POV-Ray : Newsgroups : povray.general : povray vs uberpov am3 Server Time
20 Apr 2024 07:28:24 EDT (-0400)
  povray vs uberpov am3 (Message 21 to 30 of 33)  
<<< Previous 10 Messages Goto Latest 10 Messages Next 3 Messages >>>
From: jr
Subject: Re: povray vs uberpov am3
Date: 18 Sep 2020 20:25:01
Message: <web.5f654f09aa461a8c4d00143e0@news.povray.org>
"jr" <cre### [at] gmailcom> wrote:
> Ash Holsenback <no### [at] spamcom> wrote:
> > On 9/18/20 7:22 AM, William F Pokorny wrote:
> > > On 9/18/20 6:36 AM, William F Pokorny wrote:
> > > ...
> > > and the cpu time jumps.
> > > ...
> fwiw, ...

no sleep.  :-(  so, if you (WFP)/anyone is interested, I can add to the ..
mystery.

I have the same alpha.10064268 installed on two machines, and I mean the same.
both built from the same tarball using nearly identical package build scripts.
on one machine, as posted, I see a decrease in time by (just) better than 50%
for the coloured background.  on the other, the alpha behaves as you describe,
time up from seconds to over a quarter of an hour.  wow.  I also tried two older
3.8.0-alphas (9893777 and 9945627) on a third box, they too run faster by around
50% when colour is used.  one thing I noticed is that where time decreases, on
the older boxes, the "CPU detected" reads "Intel,SSE2,AVX", whereas for the ..
misbehaving alpha (newer box) it's "Intel,SSE,AVX,AVX2,FMA3".  no idea whether
that is relevant, still, it'd be interesting to know what CPU flags others see.
anyway, as Kenneth intimated, computing, eh? -- all good fun.


regards, jr.


Post a reply to this message

From: William F Pokorny
Subject: Re: povray vs uberpov am3
Date: 19 Sep 2020 08:22:46
Message: <5f65f816$1@news.povray.org>
On 9/18/20 8:21 PM, jr wrote:
> "jr" <cre### [at] gmailcom> wrote:
...
> 
> no sleep.  :-(  so, if you (WFP)/anyone is interested, I can add to the ..
> mystery.
> 
> I have the same alpha.10064268 installed on two machines, and I mean the same.
> both built from the same tarball using nearly identical package build scripts.
> on one machine, as posted, I see a decrease in time by (just) better than 50%
> for the coloured background.  on the other, the alpha behaves as you describe,
> time up from seconds to over a quarter of an hour.  wow.  I also tried two older
> 3.8.0-alphas (9893777 and 9945627) on a third box, they too run faster by around
> 50% when colour is used.  one thing I noticed is that where time decreases, on
> the older boxes, the "CPU detected" reads "Intel,SSE2,AVX", whereas for the ..
> misbehaving alpha (newer box) it's "Intel,SSE,AVX,AVX2,FMA3".  no idea whether
> that is relevant, still, it'd be interesting to know what CPU flags others see.
> anyway, as Kenneth intimated, computing, eh? -- all good fun.
> 
> 

Jim, and all thanks for the data. And jr, especially, for picking up the
"Intel,SSE,AVX,AVX2,FMA3" bit. It is what I see here for run time 
optimization. I've hit a few other cases where - for whatever reasons - 
that run time CPU optimization isn't faster for me, though usually it 
is. Nothing previously was anywhere as dramatic a slow down.
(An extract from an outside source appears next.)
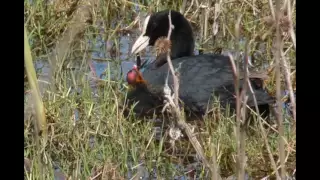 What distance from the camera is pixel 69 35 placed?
208 cm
I've never looked over Christoph's am3 code. Guess I'll go take a peek.

Bill P.


Post a reply to this message

From: William F Pokorny
Subject: Re: povray vs uberpov am3
Date: 19 Sep 2020 10:08:46
Message: <5f6610ee$1@news.povray.org>
On 9/19/20 8:22 AM, William F Pokorny wrote:
...
> 
> I've never looked over Christoph's am3 code. Guess I'll go take a peek.
> 

Hey jr, Given you have machine which shows the slow down and one which 
does not, would you be willing to add the following test in compiles for 
both machines? Then try white/black and white/color renders on both?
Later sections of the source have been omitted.